Omri stayed there for several more hours, with each minute becoming more agitated that no one offered to help the man. “Is this a world I should like to live in? Where a person that can be so easily helped is ignored by all who pass by? What could be more important?” Certainly if this were in Samaria someone would offer to help. These Jews seemed to have no regard for human life. Omri was certain that if he were waking from Homesh to Shechem and found a wounded stranger, of course he would help him. Angry, he walked openly on the road past the Galilean and back down toward Galilee.

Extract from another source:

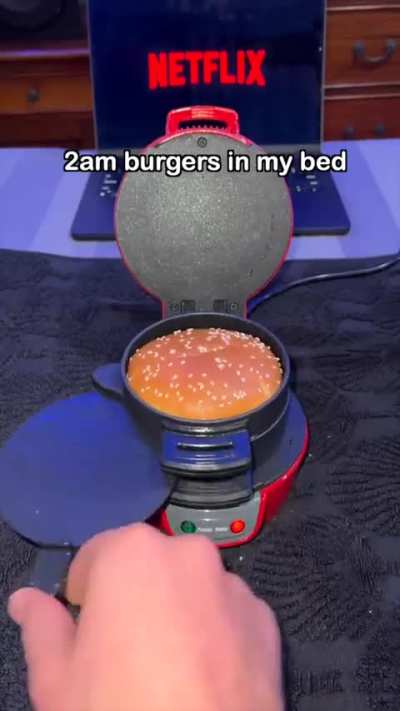 Best solution for your Breakfast and Night cravings💯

In the mid afternoon after he had had a good drink at the inn he could not think of anything else but the Galilean. What would become of him? Surely he must have a family. Who would care for them? All these thoughts came to him as they usually do to a man when he finds his actions are not in line with the way he esteems himself to be. Guilt, a reckoning and then a resolve. Surely the Galilean wouldn’t recognize him. Omri was sure of that. He was in a robe and came grime behind. The man never saw him coming. The blows from Enoch and Jonah were too swift. A perfect ambush.

As the sun began to set Omri approached the man lain in the dust. He stopped over closer and saw the man really was wounded.

“Hey”, said Omri.

“Hey”, the man weakly replied. Blood dried on his face.

“You look like you could use some help”.

“Not from a Samarian” the man wounded man defied.

“Well it doesn’t look like you have a lot of options. The sun is going down and I can tell you it only gets worse out here. Come here I’ll put you on my donkey and take you back to Jericho.” Omri didn’t give the man a chance to resist, picked him up and put him on the donkey and walked back down the road.

“What is a Samarian doing down here?” Said the man coughing up blood.

“Business. Probably the same reason a Galilean comes here.”

The man was quiet. Then spoke: “I have no money to pay you. I have nothing. You might as well have left me in the road. Are you going to leave me in the streets of Jericho? They are not much safer.”

The Samarian didn’t respond. He just kept walking. Curious onlookers looked at the beaten man and his unlikely younger companion as they walked through the village. They arrived at the inn where the Samarian had been that afternoon and Omri asked for a bed for the Galilean, paid for it and was about to leave, but turned to the beaten man.

“I’ll be back in a few days. Recover here, you’ve been badly hurt. I know you have no money. I’ll take care of payment” he said loud enough so as the inn keeper could hear him.

“Thank you”, said the wounded man. “I am very grateful for your kindness. What is your name?”

Omri, looked a bit away, then back and said: ” I’m just a Good Samaritan. That is all.”

“Well”, said the Galilean, “I am Joseph of Nazareth, son of Heli, and I thank you for this kind deed. I shall never forget it.”